As vacuum lines and associated plumbing get old and leaky performance suffers. If everything is in good shape and working correctly, removing emissions control systems won't make the engine run better.

By 74 performance was definitely on the slide. Blame lowered compression and retarded ignition for most of the downgrade.
 
If you have to keep the Charcoal canister in place for your car to be legal, install a cheap fuel filter on the hose that connects to the carb.

I've personally seen the charcoal make its way to the carb, where it fills the carb up with crud (carbon pellets) and causes the vehicle to run like crap. A fuel filter inline allows vapors to travel, but not solids :glasses7:
 
A '74 will have coolant-controlled EGR, and it will have OSAC, Orifice Spark Advance Control, which delays vacuum to the distributor by 7 or 17 seconds each time the accelerator is pressed. Squeaked the cars past Federal emissions type approval tests so the cars could be offered for sale, kills driveability, performance, and economy. Find the OSAC valve on the side of the air cleaner housing. It's got one hose going to the distributor vacuum advance, and one hose going to the carburetor. Bypass this valve so one hose runs directly from carburetor to distributor.

Leave the canister in place and working; it only works for you, never against you, by trapping gasoline you bought so you can burn it instead of it floating off uselessly into the air.

If your '74 is in fact bone stock, it will have a seatbelt/starter interlock system; engine won't crank unless everyone in the front seat has his belt fastened. Even if you always wear your belt, you'll want to bypass this one-year-only system so a random failure doesn't leave you unable to start the car sometime. How-to has been posted several times; do a search on "interlock".
 
Y'welcome!

redbeard.gif
 
So the reason that the 74's all coughed, gagged, overheated, and plowed down the road was just my misconception?

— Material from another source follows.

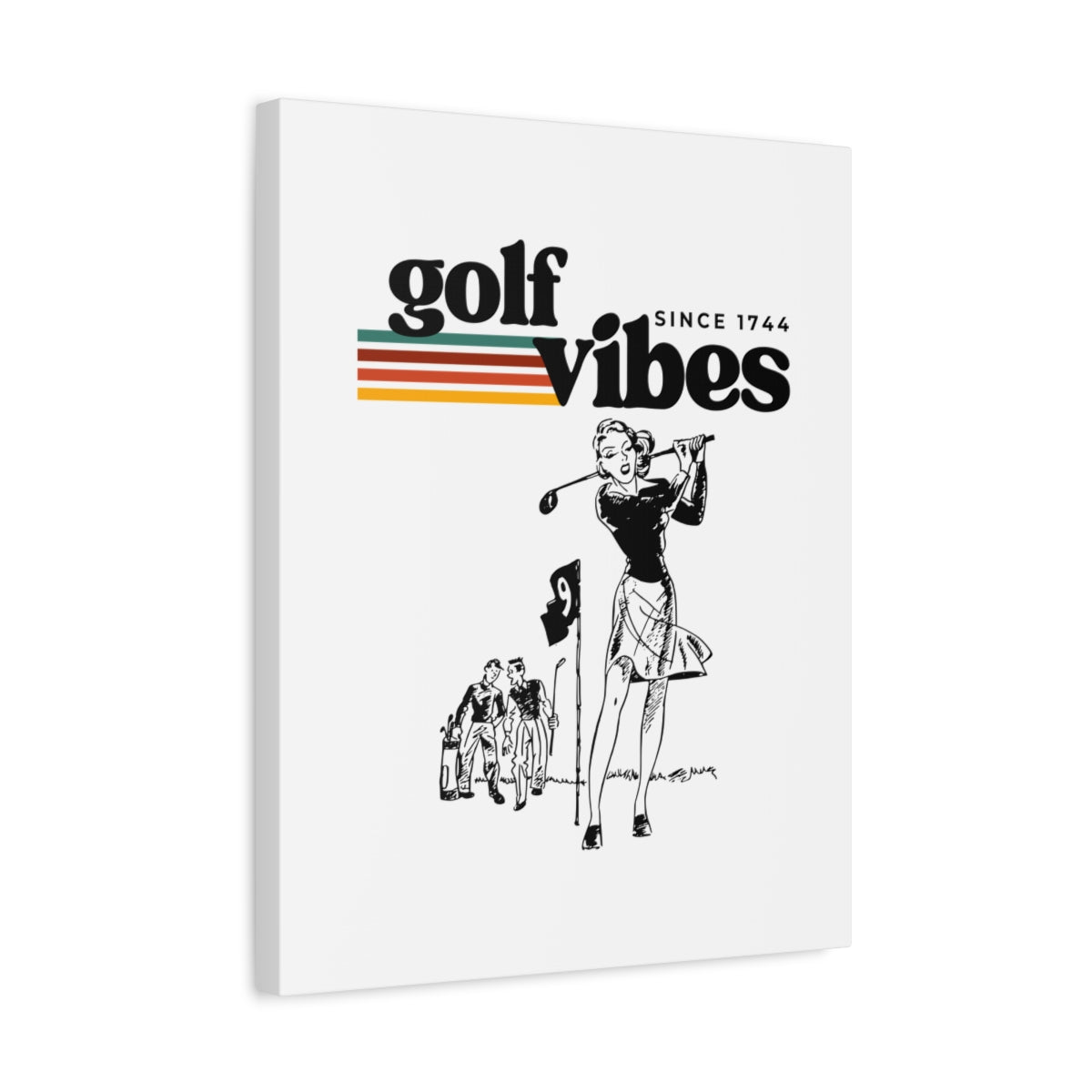 Golf Vibes Retro - Canvas Wall Art - White - 16×20 - front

No, I'd say those ones had problems. Were you tuning them? :D



Or did you expect all the cars sold ran that way off the dealer's lots?
I only had two 74s. The bone stock Duster ran like a top (and I sold it running that way). The other (E body) developed that seatbelt interlock issue Dan mentioned when I put my college books on the pass seat the first time. But it had no other emmisions equipment intact anyway.
 
In CA the '74 models and older don't have to smog check. I had to smog my 318 Satellite once. It failed the visual because when he revved it, the EGR linkage didn't move. I chased it for a couple days even replacing the vacuum amplifier with a couple borrowed from the boneyard. Finally tracked it to a small timer on the firewall that was meant to keep the EGR from operating within a certain period of starting the engine. I put a small tee in the vacuum line between that and the EGR to quietly bypass it. The EGR worked as advertised and it passed. I was told that timer was only installed for a portion of that one model year. Others here can likely confirm of refute that.

Definitely get rid of the seatbelt interlock. Mine was intermittent. After taking it out I opened the control box to see what was in there and a portion of the circuit board was burned. Simple to bypass in the wiring.
 
That particular timer might have been a short-production item -- timers like it were used on a whackload of Mopars from '74(ish) through to the last RWD passenger cars, the M-bodies, in 1989. There were a lot of different ones with different delay values and other operating parameters.